[Pre-RFC] Make some feature-detected function-to-fn-pointer casts safe through ZST token types

197g · May 22, 2026, 12:53pm

Feature Name: (fill me in with a unique ident, zst-scoped-safe-fncast)
Start Date: (fill me in with today's date, 2026-05-22)
RFC PR: rust-lang/rfcs#0000
Rust Issue: rust-lang/rust#0000

Summary

The cast of a target-feature enabled function into a safe, callable rust-ABI function necessarily requires an intermediate unsafe cast step. Make this step safe in scopes where a token-value certifies that the appropriate CPU-feature is available in the current program. This is an alternative or augmentation for struct_target_feature

Motivation

In image related crates we do a lot of SIMD implementations of core routines to guarantee a level of performance on matching targets. This happens via runtime dispatch: we query the feature set and from that point onwards an appropriate function should be used. Crucially this does not happen at call sites of the function. Those are in tight enough loops that the overhead would be problematic to redo featur detection. Instead, a custom fn-pointer table is built at startup and then an indirect call into function references is performed.

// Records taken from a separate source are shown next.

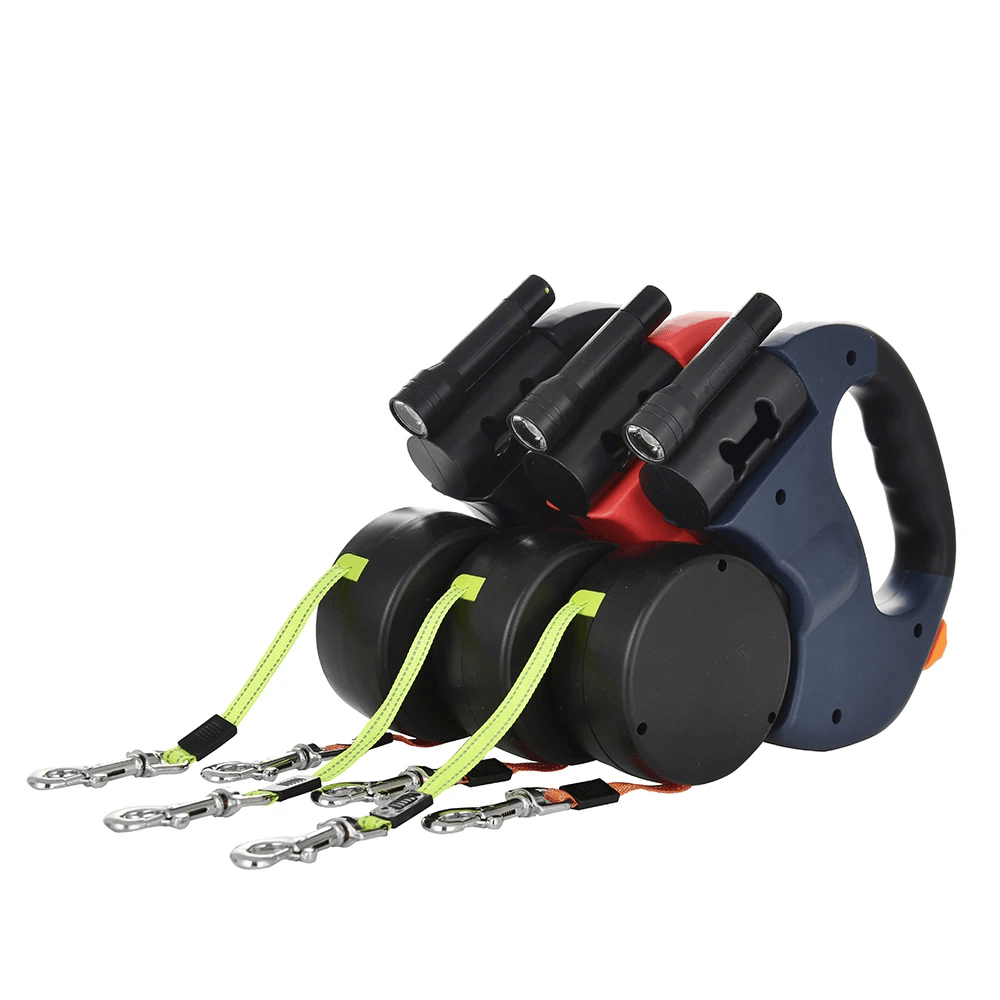 Dual Retractable Dog Leash – Walk Two Dogs Tangle-free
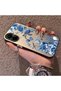 Realme C67 4g Compatible Blue Turtle, Shell and Coral Pattern Cover, Shock-Absorbing Structure - 2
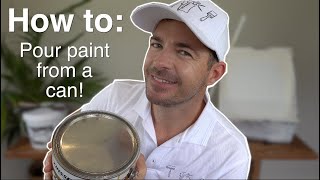 How to pour paint from paint can correctly into your paint pot and paint tray [upl. by Airretnahs]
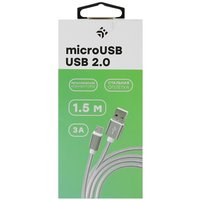 Кабель DEXP micro USB-B - USB Type-A серый 1.5 м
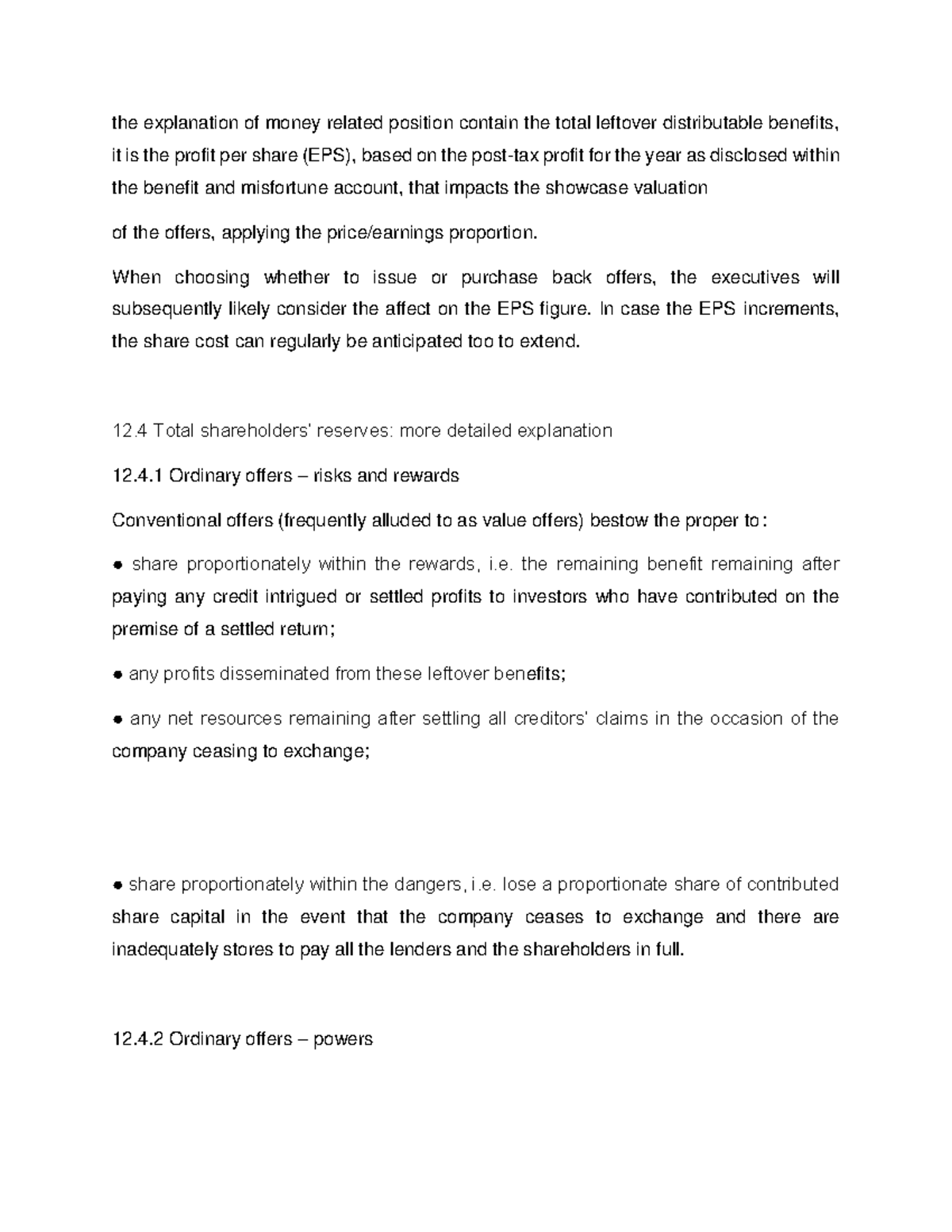 Summary - Preparation of Financial Statements-83 - the explanation of ...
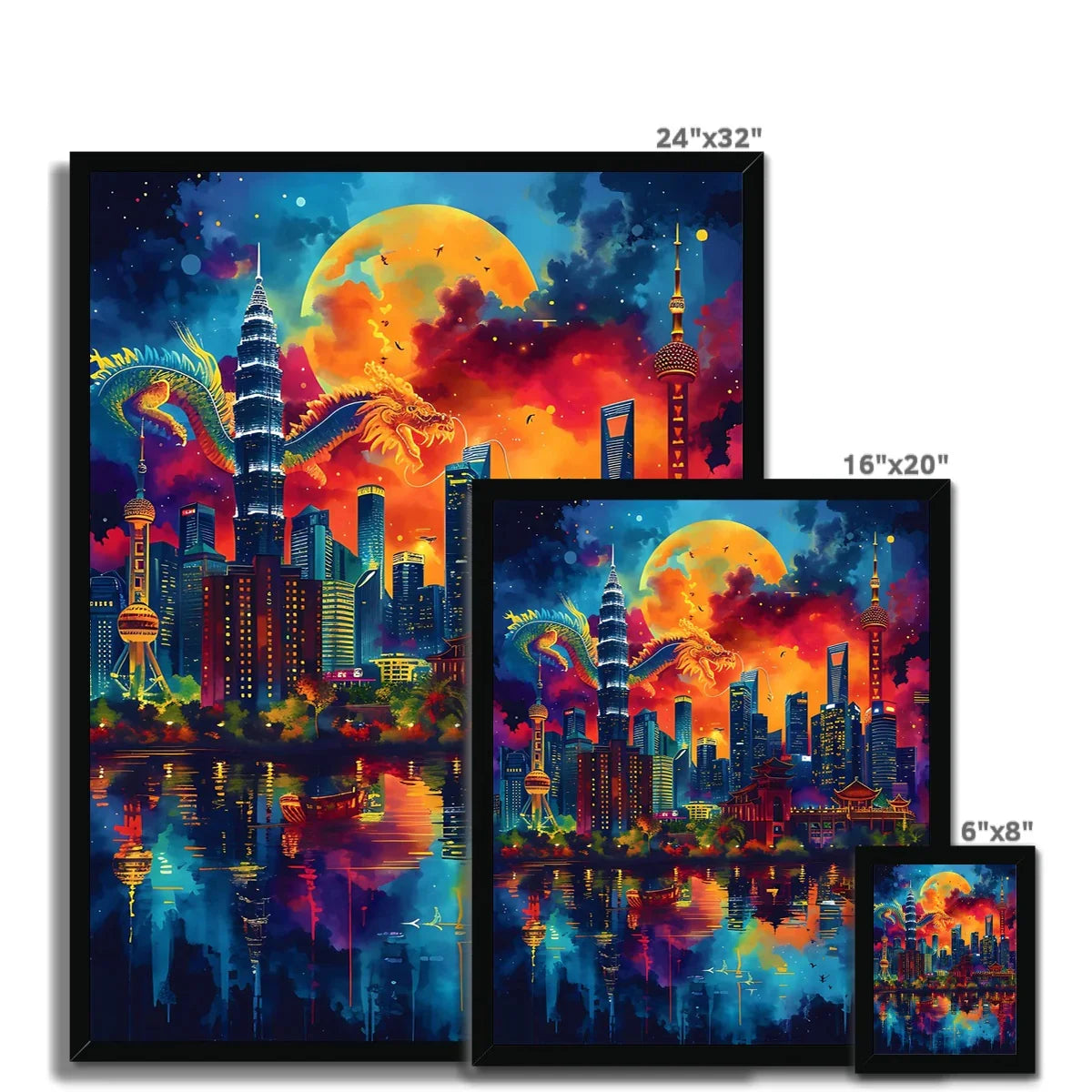 2024 Year Of The Dragon Celebration Budget Framed Poster - D'Sare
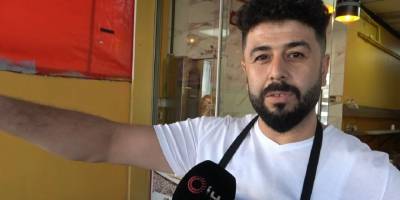 Hırsızlık yapmak için geldiği dükkanın ortasına tuvaletini yaptı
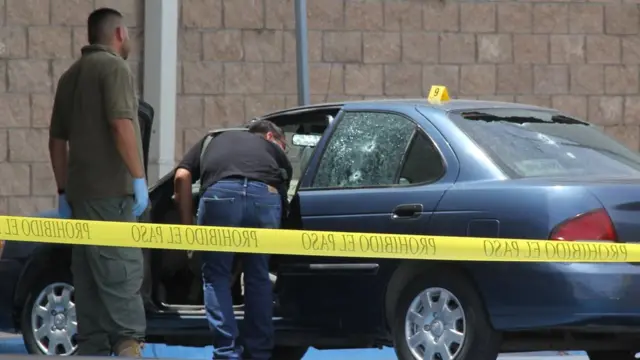 La escena del crimen.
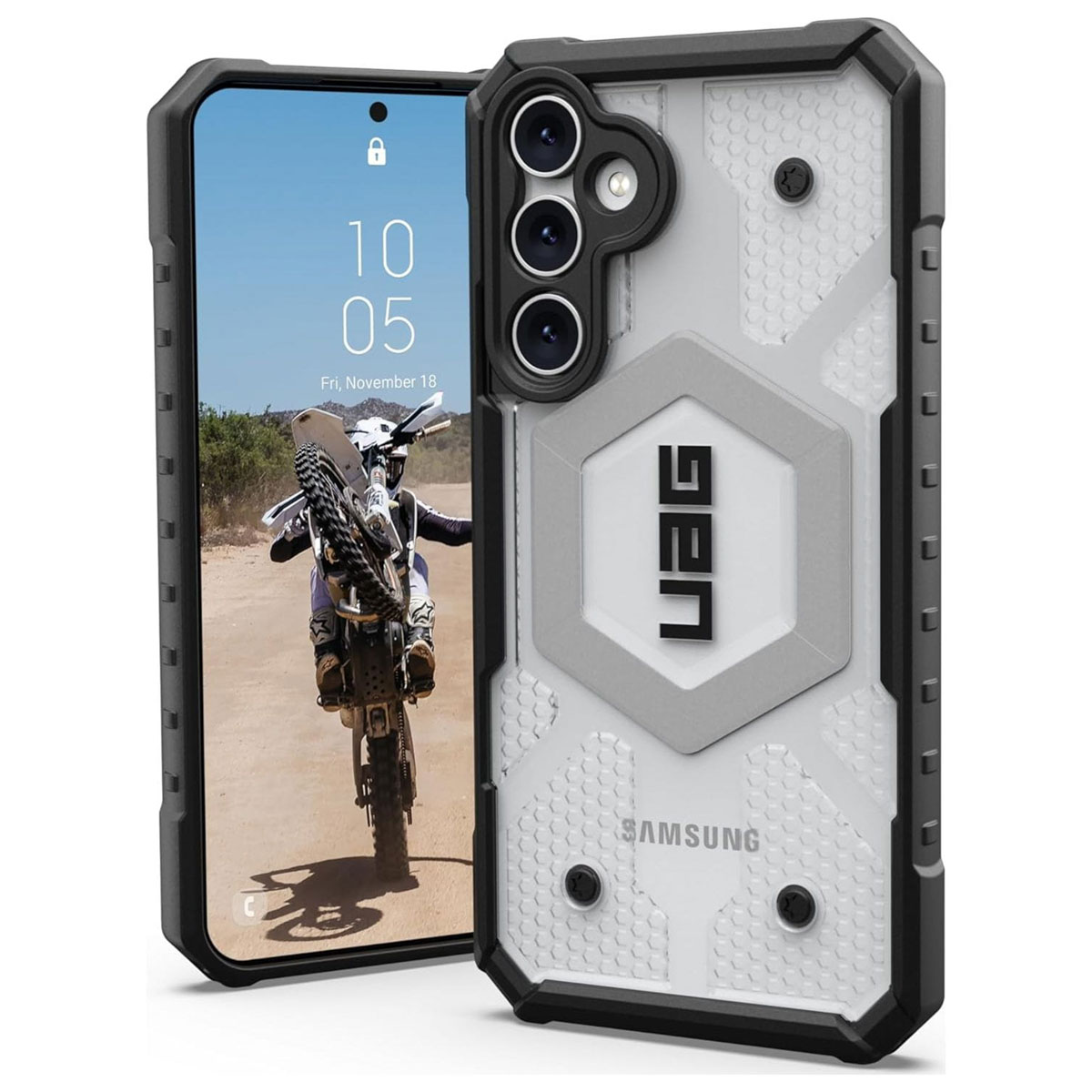 UAG Pathfinder Backcover Samsung Galaxy S23 FE – Ice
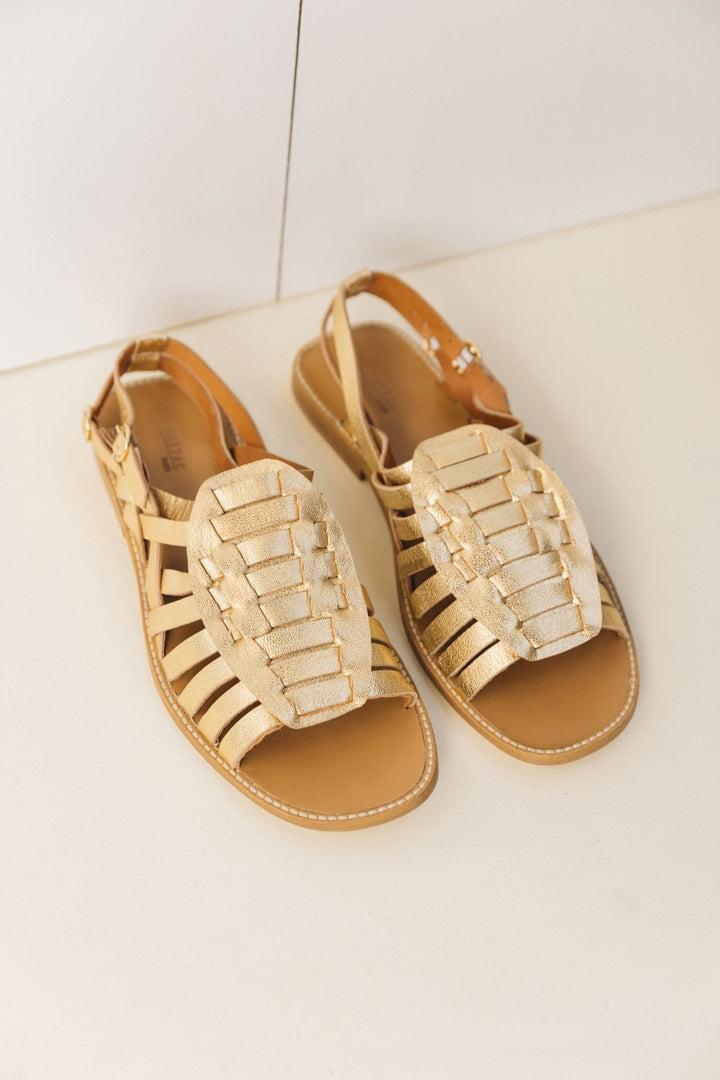 Gold Scenario Sandals by BALZAC PARIS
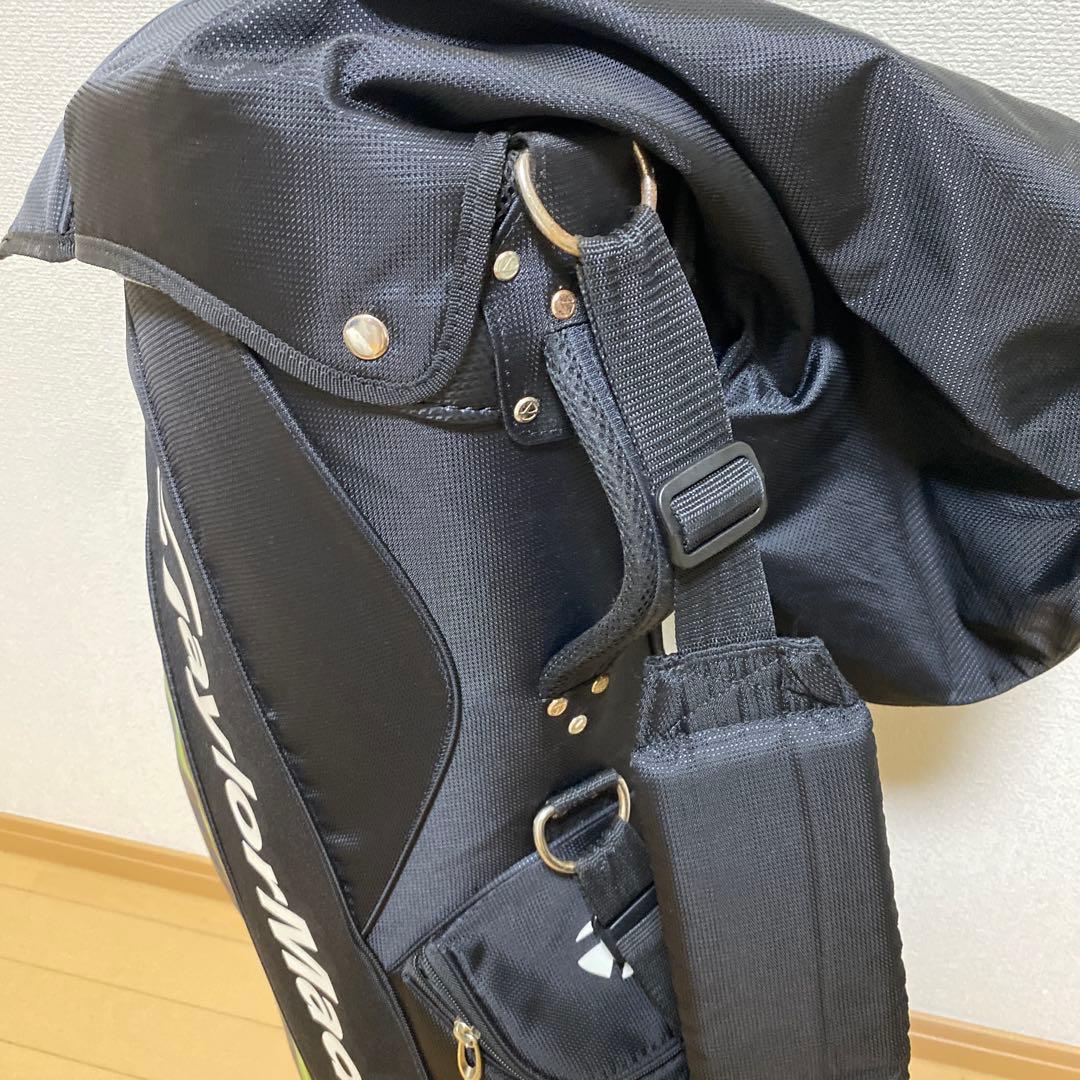 ぱ*だ様 TaylorMade キャディバッグ ブラック/グリーンストライプ R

While building the table it is necessary to make functions with required target feature sets (tagged with #[target_feature(enable = …)]) compatible with other functions. We do not use a trampoline (performance) but instead constrain ourselves that the signature here does not mention any SIMD specific types and so is ABI compatible. This allows function pointers of different feature sets to be stored into the same fn-pointer table field. The only requirement this imposes on us is that each function is scoped such that there is no expensive spill of any SIMD value from another block to pass them through a more primitive ABI.

With safe arch intrinsics as well as the use of helper crates constraining unsafe intrinsics to a safe interface, some of these can be entirely safe implementations. However, the function cast is very hard to properly abstract away. There is no way to query and represent the feature-enabled set from a type or to represent the gained information in a const way that would allow verifying and discharging the obligations at the conversion site. With macros it is possible to wrap those or create a conversion-utility at the definition site of such functions but this still suffers defects in ABI-compatibility detection and does not allow more advanced selection patterns (i.e. choosing the implementation among the feature-available function set based on runtime performance information)

Guide-level explanation

The instruction-set-specific modules in core::arch define a set of zero-sized types. Each one is a token verifying the availability of a runtime feature of the currently running program. These have a non-const fn constructor that returns an Option<Self>, returning Some(_) if the feature was enabled for compilation or if it can be detected at runtime as is_X_feature_detected`.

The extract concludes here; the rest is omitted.